“Oh, of course,” answered the other readily. “Hadn’t we better turn here?”
The journey back was rather silent. Neil was struggling with his problem, and Sydney, too, seemed to have something on his mind. When the town came once more into view around a bend in the road Sydney interrupted Neil’s thoughts.
“Say, Neil, I’ve got a—a confession to make.” His cheeks were very red and he looked extremely embarrassed. Neil viewed him in surprise.
“A confession? You haven’t murdered the Dean, have you?”
“No. It—it’s something rather different. I don’t believe that it will make any difference in our—our friendship, but—it might.”
“It won’t,” said Neil. “Now, fire ahead.”
“Well, you recollect the day you found me on the way from the field and pushed me back to college?”
“Of course. Your old ice-wagon had broken down and I—”
“That’s it,” interrupted Sydney, with a little embarrassed laugh. “It hadn’t.”
“What hadn’t? Hadn’t what?”
“The machine; it hadn’t broken down.”
“But I saw it,” exclaimed Neil. “What do you mean, Syd?”
“I mean that it hadn’t really broken down, Neil. I—the truth is I had pried one of the links up with a screw-driver.”
Neil stared in a puzzled way.
“But—what for?” he asked.
“Don’t you understand?” asked Sydney, shame-faced. “Because I wanted to know you, and I thought if you found me there with my machine busted you’d try to fix it; and I’d make your acquaintance. It—it was awfully dishonest, I know,” muttered Sydney at the last.

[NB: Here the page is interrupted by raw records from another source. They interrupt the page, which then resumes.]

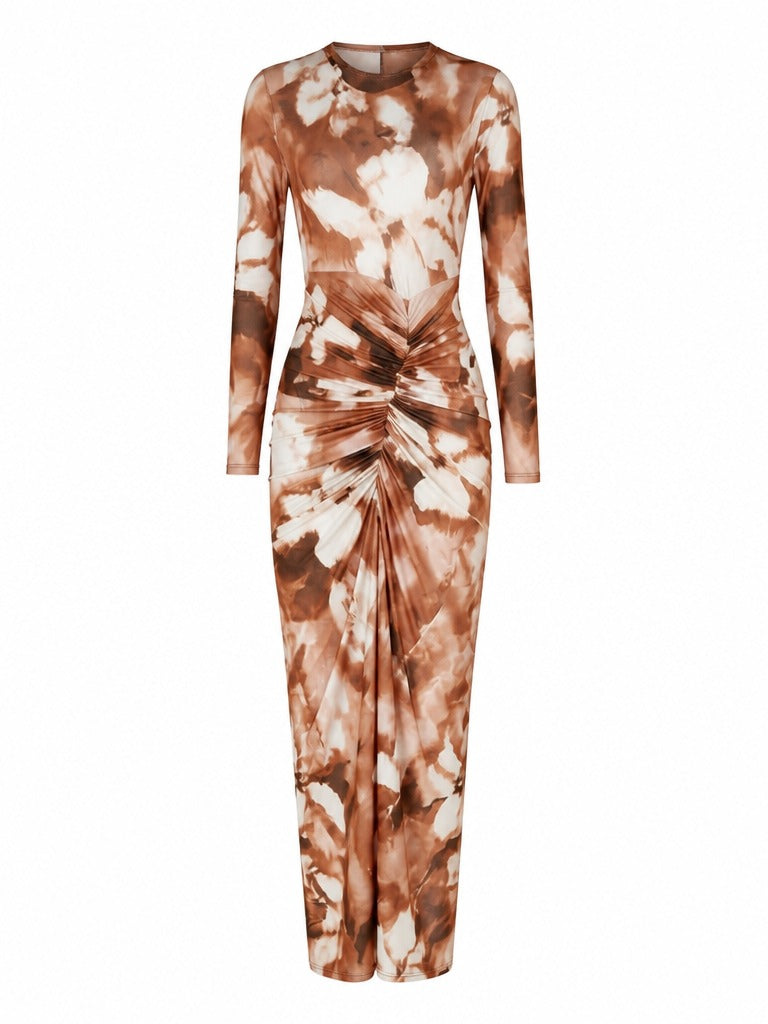 Radiant Tie Dye Ruched Maxi Dress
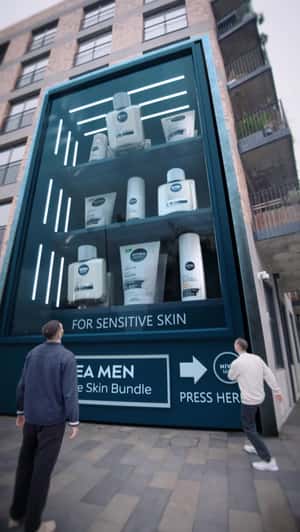 Giant Vending Machine Collapse in a fake-out-of-home ad of Nivea Men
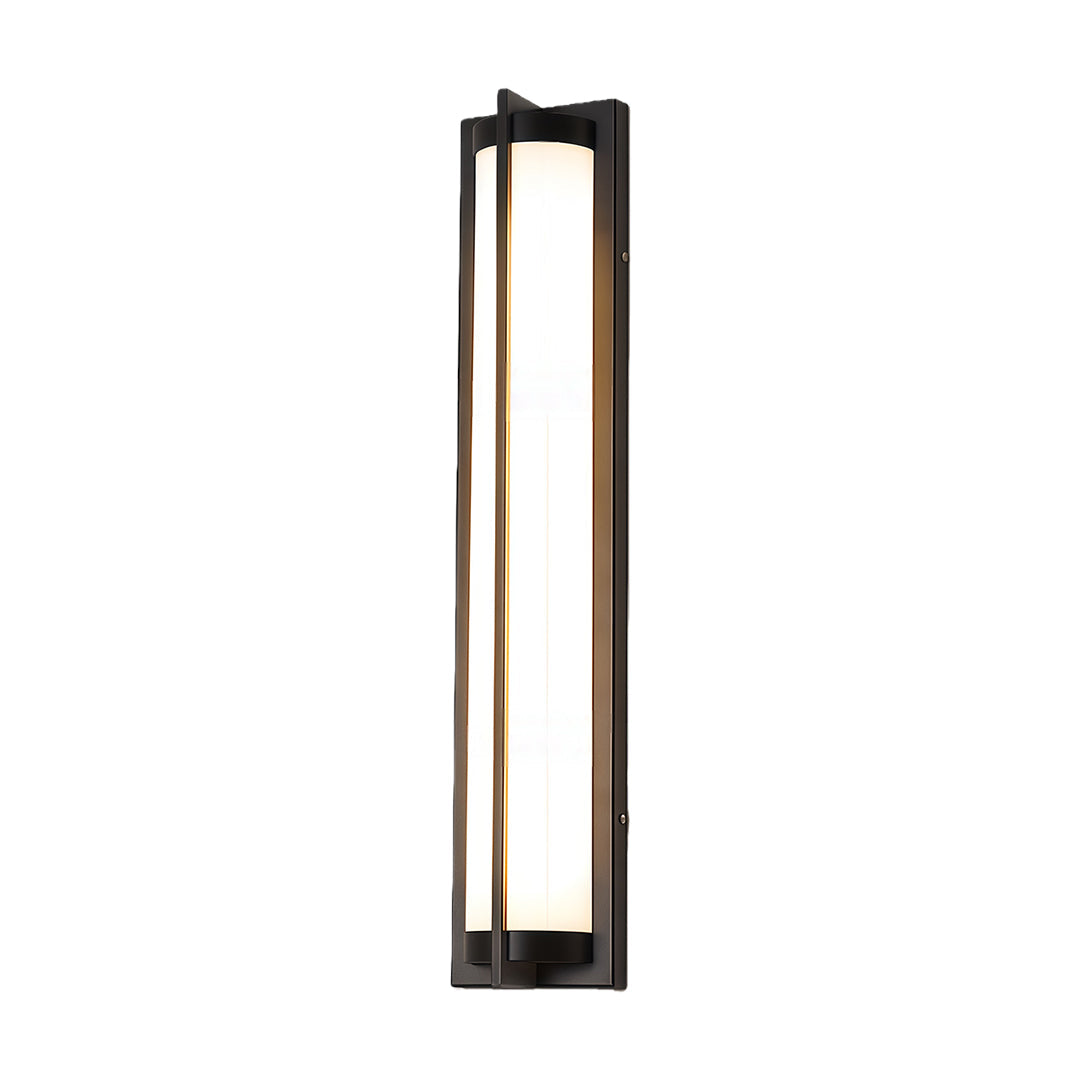 Front view of outdoor wall sconces black with a minimalist rectangular frame and frosted inner panel on a clean white background.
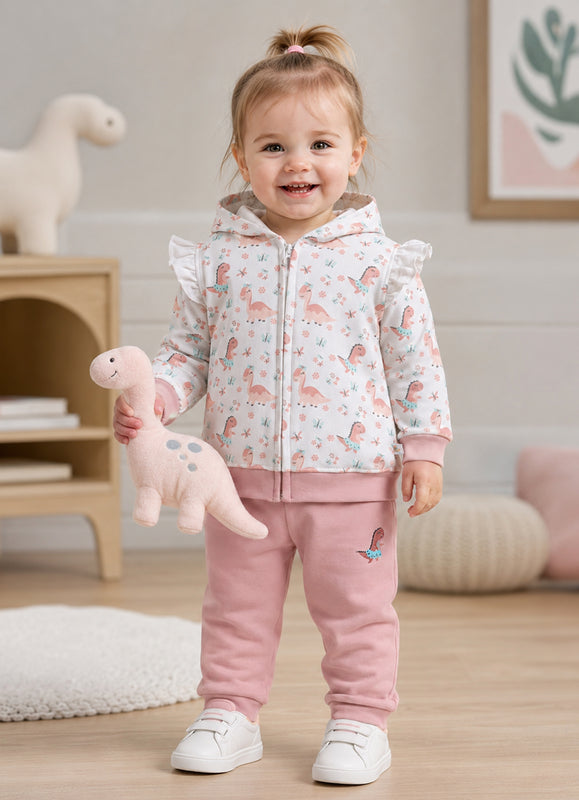 Bumzee White & Peach Animal Print Winter Set, Full Sleeves, 100% Cotton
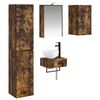 vidaXL Badkamermeubelset 5 pcs Gerookt eiken Bewerkt hout en glas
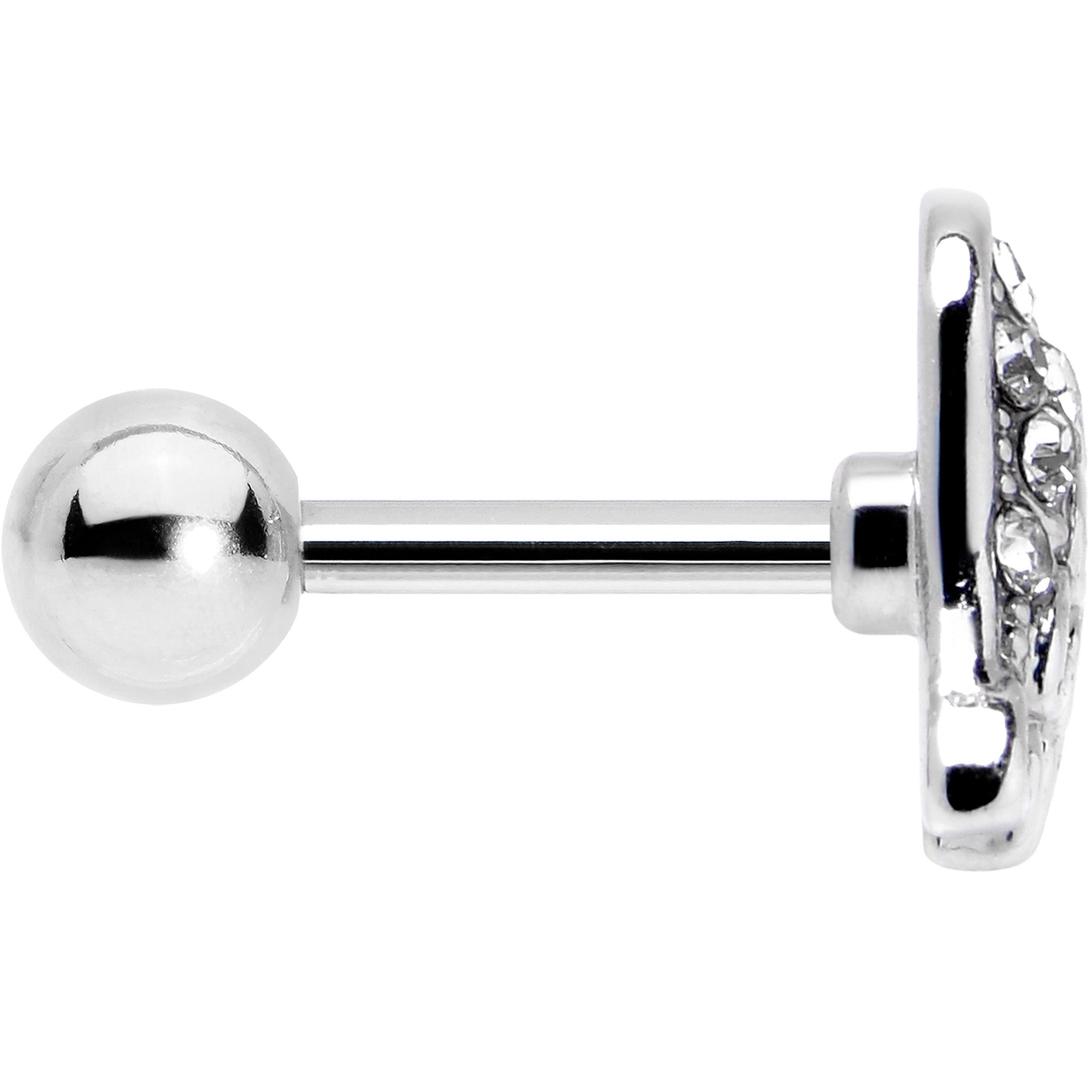 BodyCandy 16G 1/4 Clear Gem Heavenly Heart Angel Wing White Cartilage Stud — lifestyle context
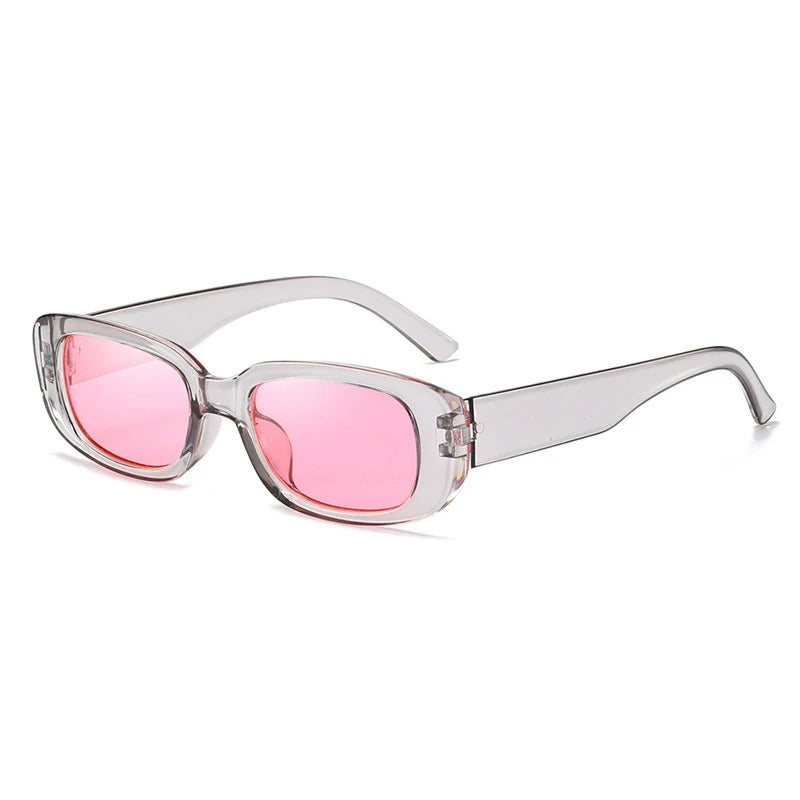 Light grey rectangular frame with pink lens techno festival sunglasses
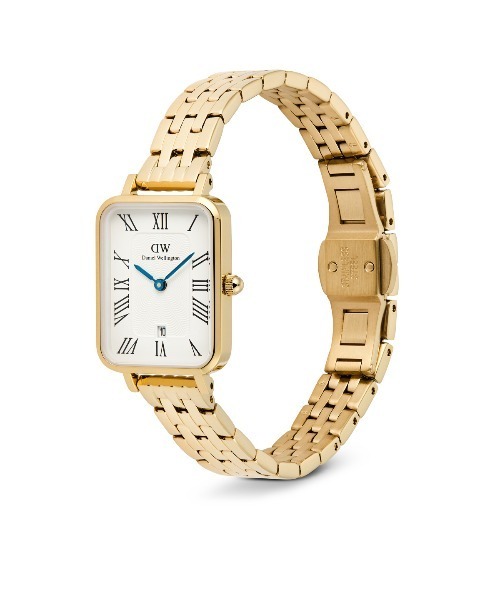 腕時計 Quadro  Roman Numerals Date 20x26MM 5-link ゴールド／シルバー レディース メンズの画像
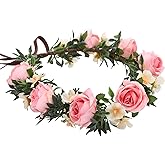 KorViSHOW Pink Flower Crown Headband - Rose Floral Headpiece Adjustable Fairy Flower Crown for Women Girls Renaissance Birthday Wedding Party Photo Props
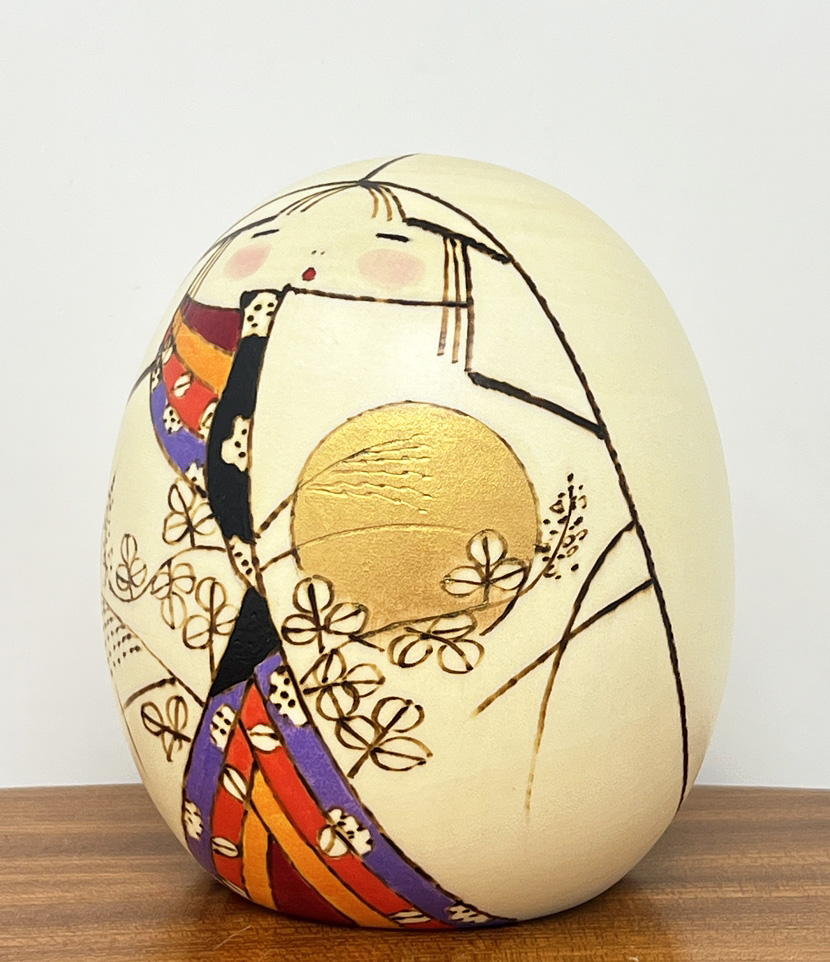 Rara kokeshi vintage "Mangetsu" - "Luna Piena" di Sansaku Sekiguchi - immagine 2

Neil stared for a moment in surprise. Then he clapped the other on the shoulder and laughed uproariously.
“Oh, to think of guileless little Syd being so foxy!” he cried. “I wouldn’t have believed it if any one else had told me, Syd.”
“Well,” said Sydney, very red in the face, but joining in the laughter, “you don’t mind?”
“Mind?” echoed Neil, becoming serious again, “why of course I don’t. What is there to mind, Syd? I’m glad you did it, awfully glad.” He laid his arm over the shoulders of the lad on the seat. “Here, let me push a while. Queer you should have cared that much about knowing me; but—but I’m glad.” Suddenly his laughter returned.
“No wonder that old fossil in the village thought it was a queer sort of a break,” he shouted. “He knew what he was talking about after all when he suggested cold-chisels, didn’t he?”
CHAPTER XVIII
NEIL IS TAKEN OUT
The Tuesday before the final contest dawned raw and wet. The elms in the yard drip-dripped from every leafless twig and a fine mist covered everything with tiny beads of moisture. The road to the field, trampled by many feet, was soft and slippery. Sydney, almost hidden beneath rain-coat and oil-skin hat, found traveling hard work. Ahead of him marched five hundred students, marshaled by classes, a little army of bobbing heads and flapping mackintoshes, alternately cheering and singing. Dana, the senior-class president, strode at the head of the line and issued his commands through a big purple megaphone.